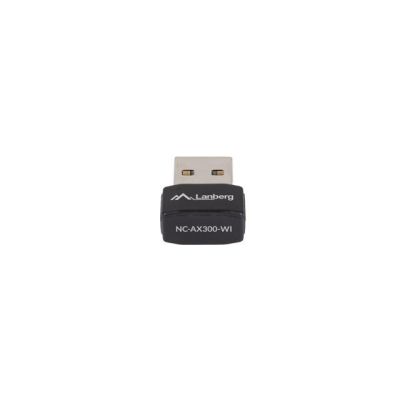 3. LANBERG AX300 Wireless USB Wi-Fi Network Card with 1 Internal Antenna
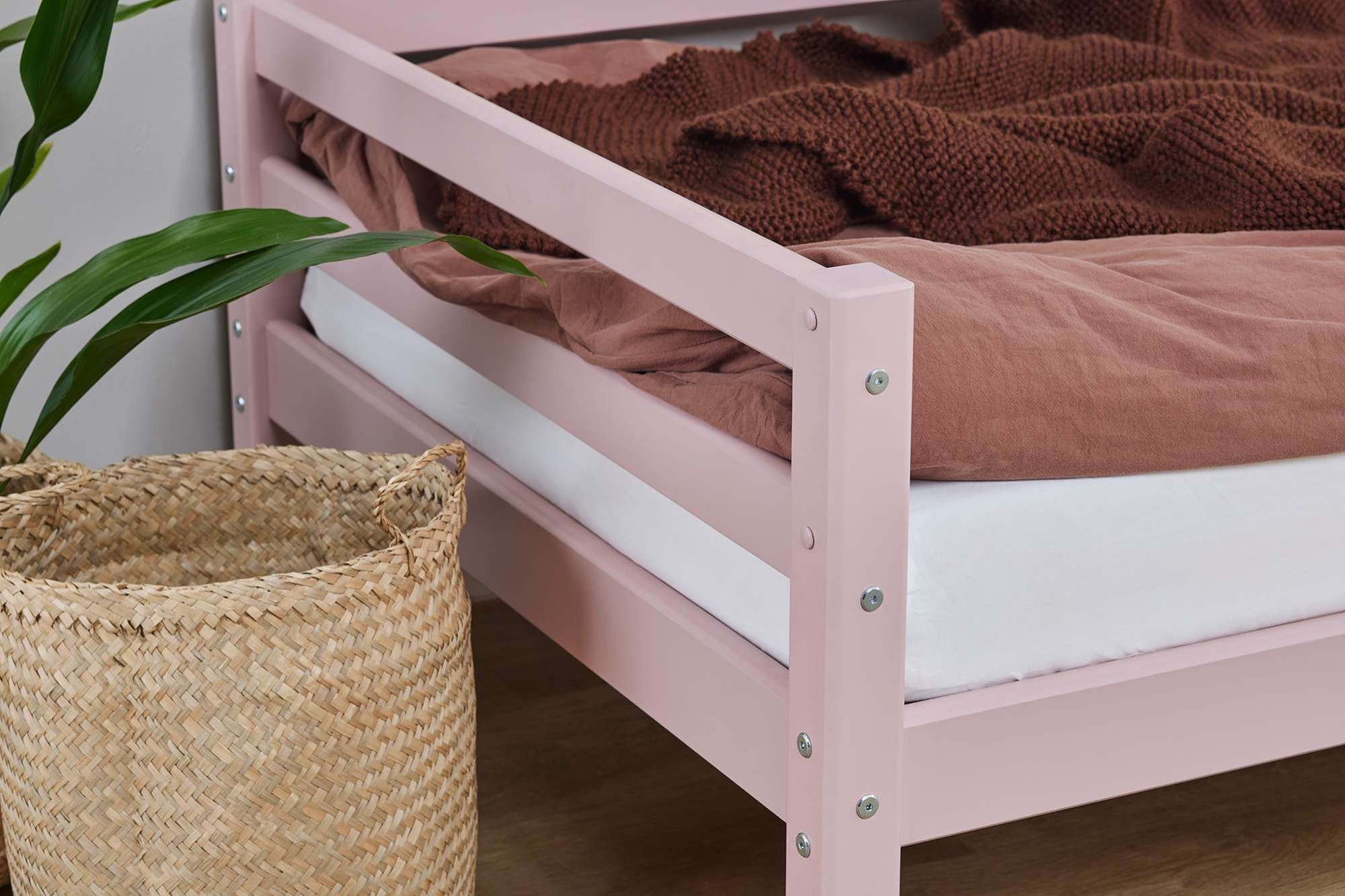 Hoppekids Daybett »Kinderbett ECO Dream, Einzelbett, Juniorbett 90x200«, (Bett), Weiß, Grün, Blau, Rosa, Grau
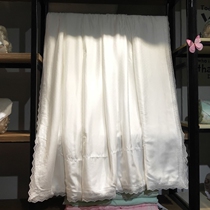 High end 100% mulberry silk summer cool quilted by air conditioning by Leselle jacquard bifacial sky silk washable summer quilt white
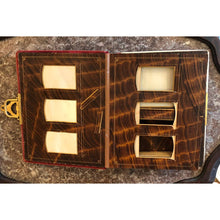 Load image into Gallery viewer, Antique Victorian Celluloid Photo Album with Velvet Stand for CDV Cabinet Cards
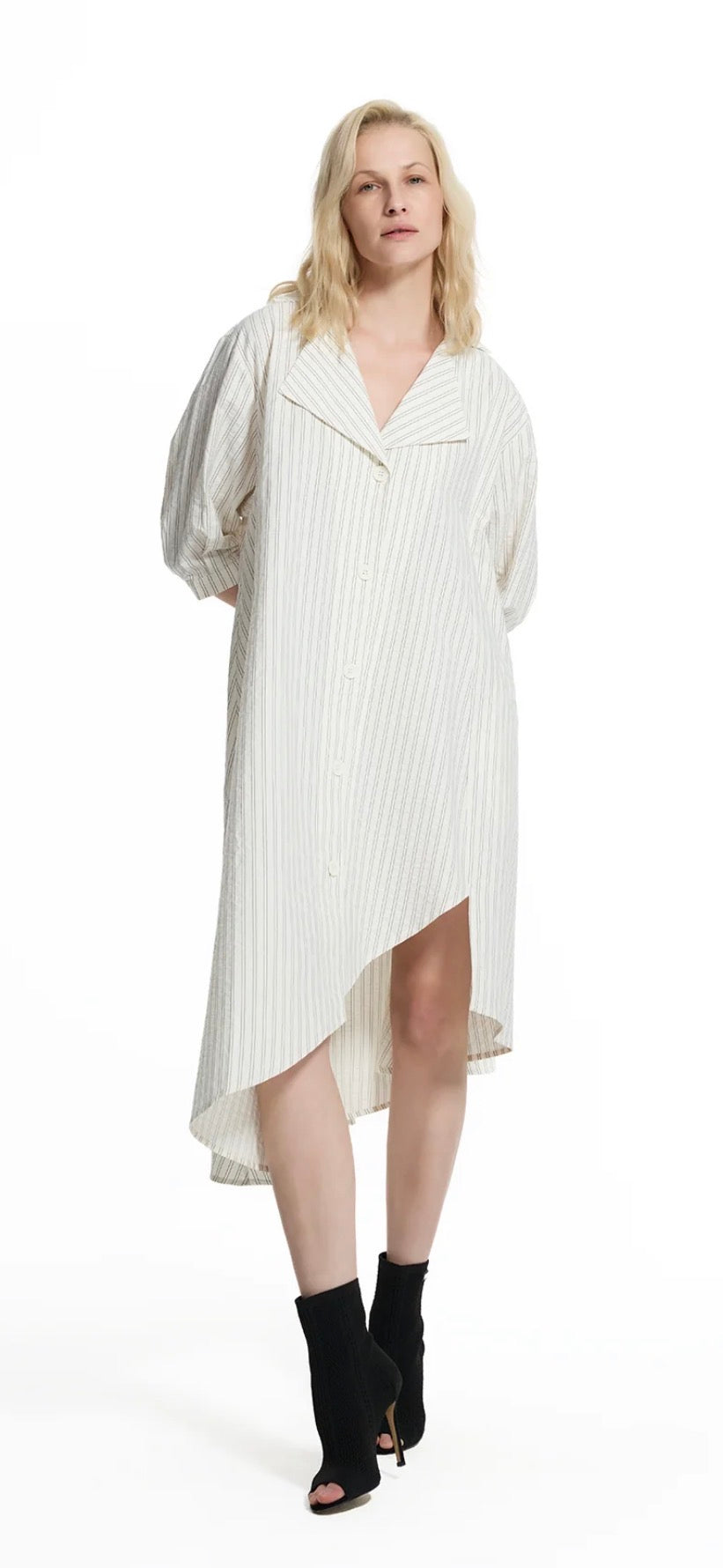 VESTIDO VDR CAMISEIRO ASSIMÉTRICO RISCAS - Carla Valente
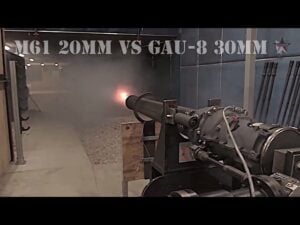 M61 20mm VS GAU-8 30mm Gatling cannon test fire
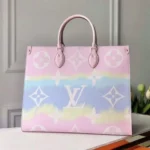 Vuitton On The Go Pink Tote Bag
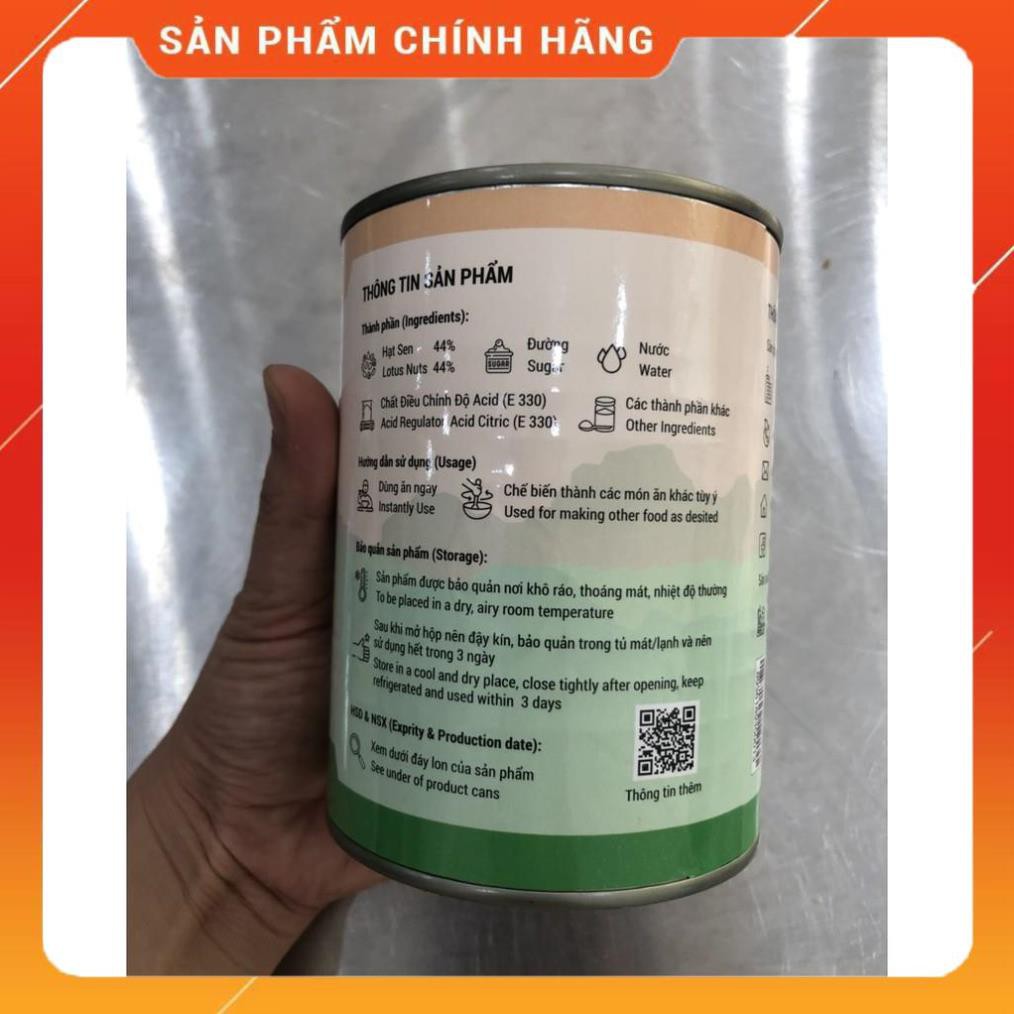 Hạt sen ngâm nước đường hiệu Farme - hộp 560g  - Hàng chính hãng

────

Exercise requirements: Every record is to be reproduced exactly, with no pictures included.

The completed task:
 3. LANBERG AX300 Wireless USB Wi-Fi Network Card with 1 Internal Antenna
 Hoppekids Daybett »Kinderbett ECO Dream, Einzelbett, Juniorbett 90x200«, (Bett), Weiß, Grün, Blau, Rosa, Grau
 High end 100% mulberry silk summer cool quilted by air conditioning by Leselle jacquard bifacial sky silk washable summer quilt white
 Load image into Gallery viewer, Antique Victorian Celluloid Photo Album with Velvet Stand for CDV Cabinet Cards
 VESTIDO VDR CAMISEIRO ASSIMÉTRICO RISCAS - Carla Valente
 M61 20mm VS GAU-8 30mm Gatling cannon test fire
 Vuitton On The Go Pink Tote Bag
 Hạt sen ngâm nước đường hiệu Farme - hộp 560g  - Hàng chính hãng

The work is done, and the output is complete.